Batı’da Naruse üzerine düzenlenen ilk büyük retrospektifin bir Amerikalı kadın, Audie Bock tarafından gerçekleştirilmiş olması öğreticidir. Amerikalı erkek eleştirmenler onu daima ikinci sınıf olarak değerlendirmiştir. Ozu’nun çocuksu oyunbazlığından ve Kurosawa’nın erkeksi tarihsel gösterilerinden büyülenmişlerdir. Geç dönem Ozu ve Mizoguchi’de Zen Budist estetiği bulmuşlar, Kurosawa’da ise Zen ve samuray etiğini keşfetmişlerdir. Manevi yücelme ya da gösterişli üslup gösterileri arayışında, Naruse onlara felsefi bakımdan fazla kasvetli, üslup açısından fazla sade görünmüştür.
Artık Japon sinemasına dair Batılı eleştirinin bazı kutsallıklarını yıkmanın vakti gelmiştir. Yaklaşık yirmi yıl önce Japon akademisyen eleştirmen Shigehiko Hasumi, bu eleştirinin eksikliklerini ve önyargılarını kınamış; (1) yakın dönemde ise ABD merkezli akademisyen Mitsuhiro Yoshimoto, Amerikan akademisinin ve Batılı Japonya sineması eleştirisinin, kültürelci ve biçimselci yaklaşımlarda çıkarı olan bir tutumu sürdürdüğünü öne sürmüştür. (2) Hem Avustralya’da hem de Amerika’da, Japonya genellikle savaş dönemi Washington istihbaratının merceğinden görülmüş; krizantem ve kılıcın, estetikçilik ve militarizmin, törensel incelik ve acımasız toplumsal pratiklerin diyarı olarak okunmuştur. Naruse bu okumaların hizmetinde değildir; onların yetersizliğini, kendi yetersizliğini değildir ve adeta tersine onları ifşa eder.

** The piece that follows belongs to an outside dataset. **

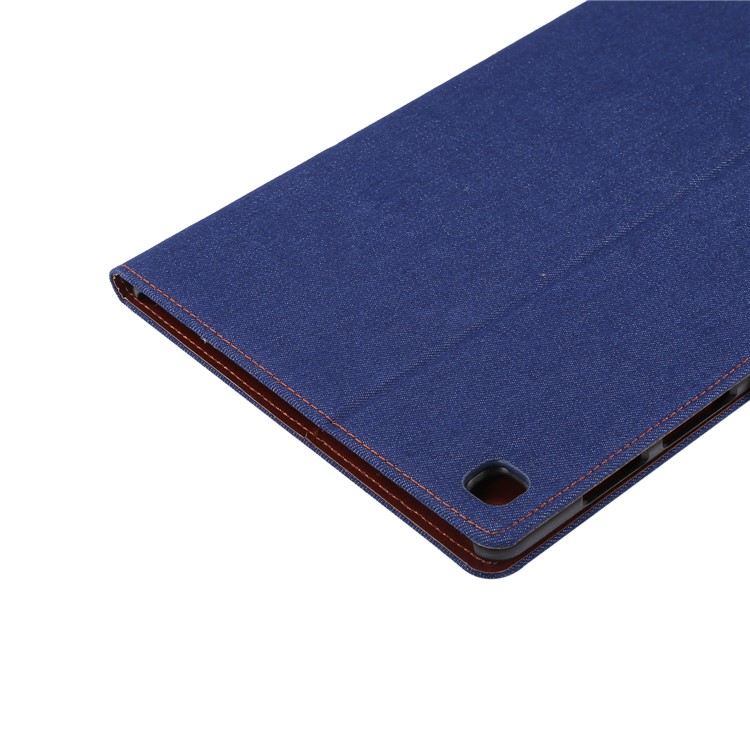 Jeans Cloth Leather Wallet Stand Protection Tablet Cover for Samsung Galaxy Tab S5e SM-T720 / T725 - Dark Blue-6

Naruse tam anlamıyla bir materyalisttir. Dünyadan olduğu gibi kaçış yoktur. Hayat, sert darbeler okuludur. Hepimizin hayal kırıklıklarıyla, ihanetlerle ve yalnızlıkla yüzleşmesi gerekir, buna rağmen yola devam etmek zorundayızdır. Onun dünyası yanılsamaların değil, düş kırıklıklarının dünyasıdır. İntihar ya da din, estetik ya da poetika gibi daha teselli edici kendini aşma biçimleri yerine, hayatta kalmanın dünyasıdır bu. Naruse’nin dünyasında aşkınlık yoktur, yalnızca toplumsal ve ekonomik koşullara tabi günlük bedensel varoluş vardır.

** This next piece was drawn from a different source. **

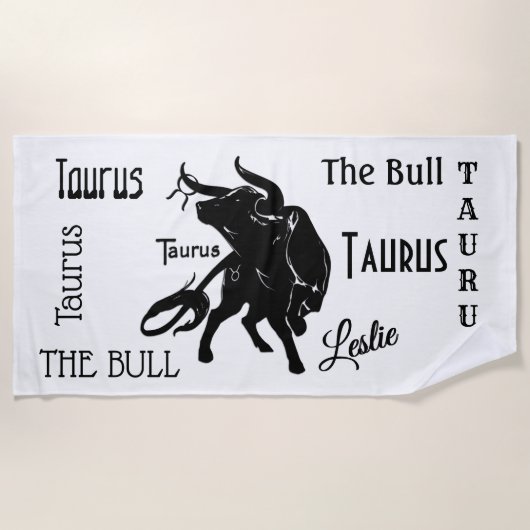Mighty Taurus The Bull Zodiac Strandtuch (Vorderseite)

Karakterleri temel fiziksel, toplumsal ve ekonomik ihtiyaçlarını karşılamak için mücadele eder. Aile, arkadaş ve partnerlerle ilişkilerinde teselli ve güvenlik arar, ama baskıcı ilişkilerden sıyrılmaya çalışırlar. Bedenlerinin yiyeceğe ve giysiye, barınağa ve cinselliğe ihtiyacı vardır. Yiyecek ve giysi almak, kirayı ve doktor faturalarını ödemek için paraya ihtiyaç duyarlar. Para el değiştirirken, bunlar Naruse filmlerinin yinelenen imgeleridir. Onun başkarakterleri, yaşamını kazanma, hasta bir ebeveyn ya da çocuğu destekleme, yoldaşlık ve cinsel partner bulma, yüklerini hafifletmenin ve yaşamlarının kalitesini artırmanın yollarını arama sorunlarıyla uğraşan yalnız kadınlardır.
Belleğimde kalan imgeler, aynanın önünde oturup ya ölmekte ya da beyaz saçlarını yolmakta olan yaşlı bir geyşaya; karşılık göremeyeceği bir bakışı umutla bir adama yönelten bir kadına; umutlarının suya düşmesinden sonra inatla günlük işlerine geri dönen kadınlara, giyinen, makyaj yapan ve merdivenleri tırmanan, düş kırıklığına rağmen bir sonraki günü karşılamak üzere hayatta kalan kadınlara aittir.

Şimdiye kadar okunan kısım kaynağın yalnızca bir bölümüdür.